Task objective: Take the line with "3KPF54AD8PE562668 2023 KIA FORTE - Image 2" and the rest of the lines after it, to the end of the entries, and restate them exactly.

Provided records:
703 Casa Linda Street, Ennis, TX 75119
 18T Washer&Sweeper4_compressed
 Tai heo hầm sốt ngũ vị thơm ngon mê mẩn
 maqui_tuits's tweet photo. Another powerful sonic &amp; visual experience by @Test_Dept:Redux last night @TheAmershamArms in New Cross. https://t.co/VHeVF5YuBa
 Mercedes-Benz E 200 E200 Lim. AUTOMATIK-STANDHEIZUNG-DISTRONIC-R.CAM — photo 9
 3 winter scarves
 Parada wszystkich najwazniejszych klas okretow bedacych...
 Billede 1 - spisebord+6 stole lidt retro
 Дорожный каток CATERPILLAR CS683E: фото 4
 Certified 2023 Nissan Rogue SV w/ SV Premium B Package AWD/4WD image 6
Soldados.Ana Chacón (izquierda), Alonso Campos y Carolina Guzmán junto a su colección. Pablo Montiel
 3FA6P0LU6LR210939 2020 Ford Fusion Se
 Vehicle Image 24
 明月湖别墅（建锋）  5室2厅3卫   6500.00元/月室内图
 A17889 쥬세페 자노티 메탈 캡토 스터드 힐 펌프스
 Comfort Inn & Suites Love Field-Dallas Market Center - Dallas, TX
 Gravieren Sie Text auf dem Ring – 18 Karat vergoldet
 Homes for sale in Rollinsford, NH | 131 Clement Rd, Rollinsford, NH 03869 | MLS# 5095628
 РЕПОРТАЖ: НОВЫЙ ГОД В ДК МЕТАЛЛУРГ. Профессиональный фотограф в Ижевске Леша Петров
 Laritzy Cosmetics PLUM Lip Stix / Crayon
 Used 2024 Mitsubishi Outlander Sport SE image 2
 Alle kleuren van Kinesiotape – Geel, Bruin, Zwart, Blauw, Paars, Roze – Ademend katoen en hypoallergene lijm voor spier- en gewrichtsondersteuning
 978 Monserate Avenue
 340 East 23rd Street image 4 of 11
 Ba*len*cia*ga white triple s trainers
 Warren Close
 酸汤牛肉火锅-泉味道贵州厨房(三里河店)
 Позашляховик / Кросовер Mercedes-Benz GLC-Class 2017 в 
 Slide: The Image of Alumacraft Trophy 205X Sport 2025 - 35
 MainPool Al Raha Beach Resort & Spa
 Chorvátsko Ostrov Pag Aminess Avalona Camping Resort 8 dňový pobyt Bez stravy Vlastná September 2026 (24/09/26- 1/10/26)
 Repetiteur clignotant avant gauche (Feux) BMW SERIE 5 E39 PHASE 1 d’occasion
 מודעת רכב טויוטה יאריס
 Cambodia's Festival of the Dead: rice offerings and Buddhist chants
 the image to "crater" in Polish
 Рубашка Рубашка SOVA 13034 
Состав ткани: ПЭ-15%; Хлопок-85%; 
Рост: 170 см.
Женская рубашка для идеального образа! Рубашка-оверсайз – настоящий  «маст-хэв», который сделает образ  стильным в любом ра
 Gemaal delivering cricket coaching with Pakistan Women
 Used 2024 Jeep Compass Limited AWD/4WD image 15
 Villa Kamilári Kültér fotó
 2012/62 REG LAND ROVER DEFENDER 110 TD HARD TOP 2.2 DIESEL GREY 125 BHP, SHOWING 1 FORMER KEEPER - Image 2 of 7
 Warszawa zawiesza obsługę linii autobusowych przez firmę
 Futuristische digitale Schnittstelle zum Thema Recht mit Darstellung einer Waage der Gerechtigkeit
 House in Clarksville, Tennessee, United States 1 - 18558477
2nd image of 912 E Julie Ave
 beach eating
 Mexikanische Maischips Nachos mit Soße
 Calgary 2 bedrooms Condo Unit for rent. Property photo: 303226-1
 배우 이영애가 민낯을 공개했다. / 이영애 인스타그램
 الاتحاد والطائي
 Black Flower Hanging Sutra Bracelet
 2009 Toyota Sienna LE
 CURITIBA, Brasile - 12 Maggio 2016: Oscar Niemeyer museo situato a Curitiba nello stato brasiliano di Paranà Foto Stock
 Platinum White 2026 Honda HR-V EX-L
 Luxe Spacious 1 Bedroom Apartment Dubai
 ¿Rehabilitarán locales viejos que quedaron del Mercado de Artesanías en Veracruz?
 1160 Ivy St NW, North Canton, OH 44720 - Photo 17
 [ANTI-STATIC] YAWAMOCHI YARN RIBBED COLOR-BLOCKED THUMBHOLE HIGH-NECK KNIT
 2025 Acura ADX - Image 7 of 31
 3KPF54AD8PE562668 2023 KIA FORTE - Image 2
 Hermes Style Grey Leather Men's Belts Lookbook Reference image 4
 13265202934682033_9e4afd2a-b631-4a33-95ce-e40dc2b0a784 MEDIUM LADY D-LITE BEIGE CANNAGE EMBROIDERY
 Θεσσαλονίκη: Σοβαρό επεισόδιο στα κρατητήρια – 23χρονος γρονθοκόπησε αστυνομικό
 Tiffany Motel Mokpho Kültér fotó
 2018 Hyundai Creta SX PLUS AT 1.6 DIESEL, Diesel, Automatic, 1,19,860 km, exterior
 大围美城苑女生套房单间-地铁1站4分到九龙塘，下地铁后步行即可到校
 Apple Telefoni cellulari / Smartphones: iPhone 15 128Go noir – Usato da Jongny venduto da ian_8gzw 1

Expected answer:
 3KPF54AD8PE562668 2023 KIA FORTE - Image 2
 Hermes Style Grey Leather Men's Belts Lookbook Reference image 4
 13265202934682033_9e4afd2a-b631-4a33-95ce-e40dc2b0a784 MEDIUM LADY D-LITE BEIGE CANNAGE EMBROIDERY
 Θεσσαλονίκη: Σοβαρό επεισόδιο στα κρατητήρια – 23χρονος γρονθοκόπησε αστυνομικό
 Tiffany Motel Mokpho Kültér fotó
 2018 Hyundai Creta SX PLUS AT 1.6 DIESEL, Diesel, Automatic, 1,19,860 km, exterior
 大围美城苑女生套房单间-地铁1站4分到九龙塘，下地铁后步行即可到校
 Apple Telefoni cellulari / Smartphones: iPhone 15 128Go noir – Usato da Jongny venduto da ian_8gzw 1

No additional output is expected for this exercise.